それはそうだ。あれを知る者なら、誰だって降臨阻止したいだろう。何故なら、自ら死地を作り出すようなものだからだ。
…いや、そういやいたな。1度でいいから、副会長に蔑んだ目で見下して欲しい、と昨年の短冊に書いていた奴が。流石の会長と双子も、あれを見た瞬間全力で引いてたのを覚えている。

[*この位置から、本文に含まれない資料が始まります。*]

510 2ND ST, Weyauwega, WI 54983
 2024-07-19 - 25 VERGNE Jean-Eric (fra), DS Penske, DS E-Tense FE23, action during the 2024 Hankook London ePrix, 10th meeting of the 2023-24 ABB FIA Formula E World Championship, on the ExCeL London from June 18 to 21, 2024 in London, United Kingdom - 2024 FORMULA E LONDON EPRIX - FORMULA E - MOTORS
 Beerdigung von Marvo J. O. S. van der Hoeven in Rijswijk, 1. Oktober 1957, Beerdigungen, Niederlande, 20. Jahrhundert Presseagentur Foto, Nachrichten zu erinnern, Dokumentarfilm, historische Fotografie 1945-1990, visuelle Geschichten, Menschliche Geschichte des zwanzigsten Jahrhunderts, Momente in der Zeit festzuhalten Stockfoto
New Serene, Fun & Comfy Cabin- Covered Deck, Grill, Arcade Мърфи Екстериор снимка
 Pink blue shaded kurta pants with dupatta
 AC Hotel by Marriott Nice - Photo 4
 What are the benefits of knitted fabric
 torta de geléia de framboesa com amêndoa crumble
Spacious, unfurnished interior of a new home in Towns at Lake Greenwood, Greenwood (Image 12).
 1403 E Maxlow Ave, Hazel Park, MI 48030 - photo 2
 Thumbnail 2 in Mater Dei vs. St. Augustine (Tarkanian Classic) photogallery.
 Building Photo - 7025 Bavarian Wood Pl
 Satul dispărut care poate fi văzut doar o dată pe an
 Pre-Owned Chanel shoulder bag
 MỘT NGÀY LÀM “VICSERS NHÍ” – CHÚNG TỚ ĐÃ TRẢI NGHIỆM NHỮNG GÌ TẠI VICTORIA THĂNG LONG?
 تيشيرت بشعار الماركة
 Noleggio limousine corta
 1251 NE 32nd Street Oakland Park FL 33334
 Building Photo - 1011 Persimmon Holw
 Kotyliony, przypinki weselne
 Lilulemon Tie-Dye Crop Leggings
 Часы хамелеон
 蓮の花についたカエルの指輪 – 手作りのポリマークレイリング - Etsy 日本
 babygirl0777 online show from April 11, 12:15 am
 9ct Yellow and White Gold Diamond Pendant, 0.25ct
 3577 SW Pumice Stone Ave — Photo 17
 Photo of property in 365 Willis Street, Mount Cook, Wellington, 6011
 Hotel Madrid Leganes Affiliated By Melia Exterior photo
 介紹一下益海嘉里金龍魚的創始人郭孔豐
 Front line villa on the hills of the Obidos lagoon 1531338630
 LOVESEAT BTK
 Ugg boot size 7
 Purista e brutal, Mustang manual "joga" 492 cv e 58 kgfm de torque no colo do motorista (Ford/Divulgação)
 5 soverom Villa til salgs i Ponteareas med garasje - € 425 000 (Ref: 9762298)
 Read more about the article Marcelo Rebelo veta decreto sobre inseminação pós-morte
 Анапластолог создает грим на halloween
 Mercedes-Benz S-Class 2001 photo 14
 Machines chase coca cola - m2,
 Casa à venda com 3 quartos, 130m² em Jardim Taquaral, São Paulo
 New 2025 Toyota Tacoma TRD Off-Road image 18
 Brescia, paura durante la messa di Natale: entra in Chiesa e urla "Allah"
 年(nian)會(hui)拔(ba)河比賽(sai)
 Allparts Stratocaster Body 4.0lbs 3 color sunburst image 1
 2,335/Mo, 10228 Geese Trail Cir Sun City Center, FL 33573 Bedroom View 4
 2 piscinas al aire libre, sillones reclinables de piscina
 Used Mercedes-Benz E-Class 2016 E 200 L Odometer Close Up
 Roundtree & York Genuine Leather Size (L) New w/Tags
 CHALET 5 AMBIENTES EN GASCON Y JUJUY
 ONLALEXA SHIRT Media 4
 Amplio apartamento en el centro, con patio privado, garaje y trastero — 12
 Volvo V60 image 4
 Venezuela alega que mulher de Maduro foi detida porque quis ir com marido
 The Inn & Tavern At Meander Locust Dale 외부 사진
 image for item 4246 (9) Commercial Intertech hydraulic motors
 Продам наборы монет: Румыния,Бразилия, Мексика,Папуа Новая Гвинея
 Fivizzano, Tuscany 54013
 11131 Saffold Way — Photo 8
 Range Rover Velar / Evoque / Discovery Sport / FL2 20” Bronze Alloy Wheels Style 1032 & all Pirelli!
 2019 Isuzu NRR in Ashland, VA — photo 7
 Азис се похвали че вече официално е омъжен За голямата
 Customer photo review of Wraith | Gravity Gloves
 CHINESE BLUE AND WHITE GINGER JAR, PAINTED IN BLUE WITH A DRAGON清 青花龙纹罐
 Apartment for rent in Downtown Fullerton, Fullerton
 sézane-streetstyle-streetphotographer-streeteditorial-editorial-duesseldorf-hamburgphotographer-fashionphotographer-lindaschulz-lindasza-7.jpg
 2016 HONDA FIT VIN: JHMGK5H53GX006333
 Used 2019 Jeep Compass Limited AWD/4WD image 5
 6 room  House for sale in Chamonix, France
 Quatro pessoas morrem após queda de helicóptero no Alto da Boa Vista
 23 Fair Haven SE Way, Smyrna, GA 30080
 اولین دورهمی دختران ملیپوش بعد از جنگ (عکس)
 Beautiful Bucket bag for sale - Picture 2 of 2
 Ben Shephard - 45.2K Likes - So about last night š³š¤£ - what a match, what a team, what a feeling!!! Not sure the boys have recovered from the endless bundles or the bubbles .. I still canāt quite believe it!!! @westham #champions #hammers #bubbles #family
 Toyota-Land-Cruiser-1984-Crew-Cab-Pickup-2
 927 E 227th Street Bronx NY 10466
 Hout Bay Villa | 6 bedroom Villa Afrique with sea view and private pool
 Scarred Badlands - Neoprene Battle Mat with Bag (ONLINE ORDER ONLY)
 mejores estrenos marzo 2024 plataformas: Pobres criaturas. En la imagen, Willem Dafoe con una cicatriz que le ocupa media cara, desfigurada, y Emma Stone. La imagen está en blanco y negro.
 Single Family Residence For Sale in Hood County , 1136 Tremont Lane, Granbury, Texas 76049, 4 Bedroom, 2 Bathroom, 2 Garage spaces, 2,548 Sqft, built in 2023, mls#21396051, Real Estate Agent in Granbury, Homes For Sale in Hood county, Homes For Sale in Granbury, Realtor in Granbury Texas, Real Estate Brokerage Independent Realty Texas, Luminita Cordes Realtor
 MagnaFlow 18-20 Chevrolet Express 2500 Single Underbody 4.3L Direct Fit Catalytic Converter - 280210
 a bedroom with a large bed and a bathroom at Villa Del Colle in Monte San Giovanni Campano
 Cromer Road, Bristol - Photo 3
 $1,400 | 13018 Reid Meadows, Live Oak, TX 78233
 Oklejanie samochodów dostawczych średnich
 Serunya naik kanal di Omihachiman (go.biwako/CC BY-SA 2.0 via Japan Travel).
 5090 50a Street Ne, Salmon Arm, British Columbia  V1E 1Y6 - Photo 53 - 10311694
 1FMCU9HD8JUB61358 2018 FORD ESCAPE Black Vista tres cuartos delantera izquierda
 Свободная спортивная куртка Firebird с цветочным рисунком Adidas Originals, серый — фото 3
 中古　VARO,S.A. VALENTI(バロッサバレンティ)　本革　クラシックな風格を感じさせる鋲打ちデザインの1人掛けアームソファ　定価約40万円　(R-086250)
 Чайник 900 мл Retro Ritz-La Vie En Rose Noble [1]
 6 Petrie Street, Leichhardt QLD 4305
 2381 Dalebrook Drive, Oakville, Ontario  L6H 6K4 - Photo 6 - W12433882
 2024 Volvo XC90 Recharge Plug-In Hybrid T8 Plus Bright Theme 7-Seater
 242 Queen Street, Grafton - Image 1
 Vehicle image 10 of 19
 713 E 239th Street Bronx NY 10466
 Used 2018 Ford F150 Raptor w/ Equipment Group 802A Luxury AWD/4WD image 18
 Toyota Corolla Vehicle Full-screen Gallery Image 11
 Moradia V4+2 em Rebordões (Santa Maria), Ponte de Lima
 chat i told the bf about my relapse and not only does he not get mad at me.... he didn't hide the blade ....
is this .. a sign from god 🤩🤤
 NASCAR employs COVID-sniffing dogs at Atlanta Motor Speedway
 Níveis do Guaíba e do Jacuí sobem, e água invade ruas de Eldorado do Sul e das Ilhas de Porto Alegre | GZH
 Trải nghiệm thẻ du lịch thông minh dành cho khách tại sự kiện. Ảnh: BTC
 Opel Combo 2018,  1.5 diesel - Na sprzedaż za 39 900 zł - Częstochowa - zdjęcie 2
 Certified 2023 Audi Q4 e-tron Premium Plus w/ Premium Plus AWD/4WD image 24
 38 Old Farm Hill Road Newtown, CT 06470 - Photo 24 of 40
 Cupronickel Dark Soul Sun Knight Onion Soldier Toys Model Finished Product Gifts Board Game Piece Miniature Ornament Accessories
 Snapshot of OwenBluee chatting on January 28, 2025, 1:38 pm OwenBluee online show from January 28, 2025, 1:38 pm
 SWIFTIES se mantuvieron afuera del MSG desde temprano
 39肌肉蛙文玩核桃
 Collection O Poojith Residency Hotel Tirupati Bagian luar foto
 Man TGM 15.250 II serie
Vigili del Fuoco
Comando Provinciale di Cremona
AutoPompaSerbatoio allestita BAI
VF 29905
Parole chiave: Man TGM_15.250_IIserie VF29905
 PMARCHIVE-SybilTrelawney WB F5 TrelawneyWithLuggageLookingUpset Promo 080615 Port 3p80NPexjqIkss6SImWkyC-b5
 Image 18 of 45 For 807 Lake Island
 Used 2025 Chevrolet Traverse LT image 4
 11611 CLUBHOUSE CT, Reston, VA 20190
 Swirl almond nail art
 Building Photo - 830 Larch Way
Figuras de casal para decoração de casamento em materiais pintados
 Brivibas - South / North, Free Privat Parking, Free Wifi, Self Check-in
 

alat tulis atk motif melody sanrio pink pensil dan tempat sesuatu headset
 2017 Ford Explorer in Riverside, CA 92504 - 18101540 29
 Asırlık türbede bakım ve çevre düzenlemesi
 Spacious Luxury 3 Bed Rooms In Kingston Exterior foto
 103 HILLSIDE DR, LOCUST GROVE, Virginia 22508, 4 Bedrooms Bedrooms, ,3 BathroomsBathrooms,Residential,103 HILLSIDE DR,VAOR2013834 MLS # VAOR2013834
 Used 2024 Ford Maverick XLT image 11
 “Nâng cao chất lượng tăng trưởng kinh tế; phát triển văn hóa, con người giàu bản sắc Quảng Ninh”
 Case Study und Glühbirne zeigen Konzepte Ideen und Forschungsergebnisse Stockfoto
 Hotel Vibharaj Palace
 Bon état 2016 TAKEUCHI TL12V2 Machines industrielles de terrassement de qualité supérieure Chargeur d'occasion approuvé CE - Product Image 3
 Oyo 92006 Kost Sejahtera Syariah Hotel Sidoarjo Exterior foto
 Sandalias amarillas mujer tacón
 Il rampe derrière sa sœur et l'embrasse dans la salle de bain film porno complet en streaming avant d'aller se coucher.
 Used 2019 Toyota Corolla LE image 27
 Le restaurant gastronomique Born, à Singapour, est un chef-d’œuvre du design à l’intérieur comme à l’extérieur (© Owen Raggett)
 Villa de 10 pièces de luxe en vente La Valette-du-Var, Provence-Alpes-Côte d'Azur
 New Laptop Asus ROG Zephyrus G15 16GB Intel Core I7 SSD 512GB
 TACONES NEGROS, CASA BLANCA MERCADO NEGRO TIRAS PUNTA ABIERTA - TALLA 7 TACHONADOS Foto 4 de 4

見た瞬間、即で慶の目を手で覆ったのは素晴らしい判断だったと今でも思う。あれはどう考えても慶の教育に悪い。
その時、当の副会長といえば、それを目にした瞬間から、実に素晴らしいアルカイックスマイルを浮かべていた。一般生徒の前にも関わらず目が一切笑っておらず、背後からは冷気が漂っていたのを覚えている。
俺達からすればただただ恐怖でしかなかったが、それを見てヤバい信者も真っ青になるであろう真剣さで、何かに全力で祈りを捧げているのが数名いた。
ある意味怖すぎて、思わず通報した程だ。
閑話休題。
「と、いうことだからごめんねぇ~」
「はあ?!!!なんでだよ!!!!!友達には教えないといけないんだぞ!!!!隠しごとなんてしたらいけないんだ!!!!!!」
無理だと言った途端、柳瀬クンは相変わらずの大声で喚いた。あぁ、念のため耳栓をしたままで良かった。でないと鼓膜へのダメージが今の比ではなかった。
というか、俺はいつの間に友達認定されたのだろうか。